Selectivity and efficiency of nitrite electroreduction catalyzed by a series of Keggin polyoxometalates

Abstract

In this paper we have studied the influence of the charge and redox potential for a series of polyoxometalates (POMs) belonging to the Keggin family on the electrochemical reduction of nitrite or nitrous acid (NO2– or HNO2). We have focused on the correlation of gaseous products and the redox properties of the POMs. Analysis by differential electrochemical mass spectrometry (DEMS) showed that the gaseous products (NO and N2O) are formed at pH 2 and 5 by reaction of HNO2 or NO2– with the reduced POM. Only NO is detected when the POM ([PW12O40]3- , [SiW12O40]4-, [BW12O40]5-) undergoes the first one-electron reduction wave. However, N2O is obtained along with NO as soon as the POM undergoes two-electron reduction.

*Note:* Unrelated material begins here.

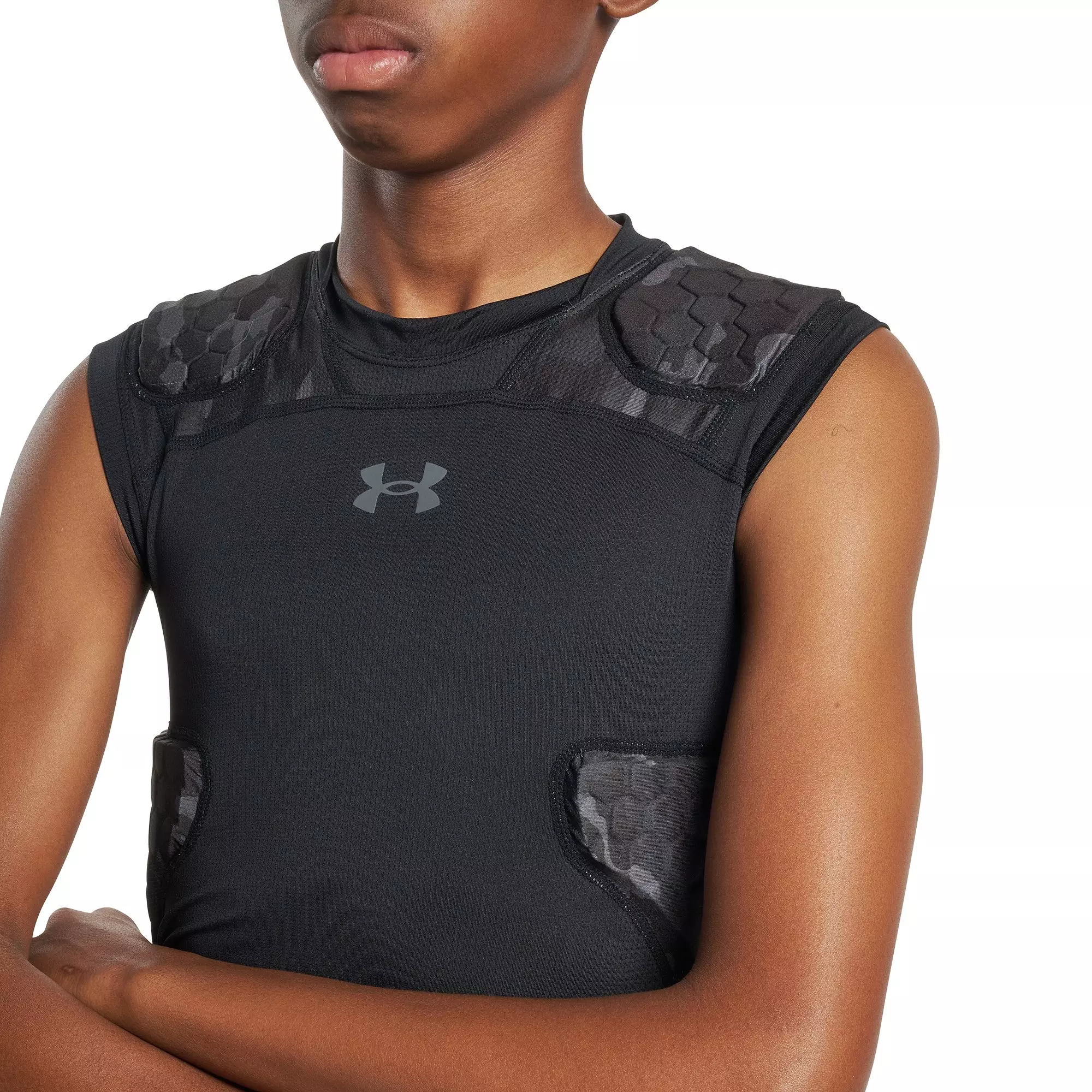 Under Armour Big Boys' Gameday Pro 5-Pad Top - Camo Black/Grey - CAMO BLACK/GREY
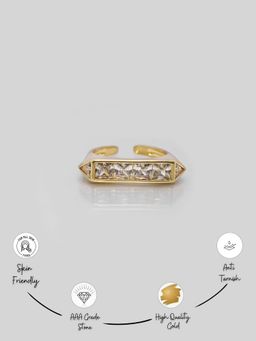 Niscka - Scissor Cut Zircon Studded Gold Ring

The potential of the first reduction wave of the POM is correlated with its charge. Consequently NO and/or N2O appear at lower overpotential for [PW12O40]3- and [SiW12O40]4- followed by [BW12O40]5- and [H2W12O40]6-. Microkinetic simulations of the experimental current–potential curves were used to estimate the rate constant kc of the reaction between the reduced POM and HNO2 or NO2– in solution and the turnover frequency (TOF). At low overpotentials, the values of TOF are decreasing in a trend following the redox potential of the POM: [PW12O40]3- > [SiW12O40]4- > [BW12O40]5- while at high overpotentials the TOFs are dominated by kc following the reverse order. At pH 5 kc values are about 70 times lower than at pH 2. This is attributed to the decrease in the proton concentration and to the electrostatic repulsion between the negatively charged POMn- and NO2–.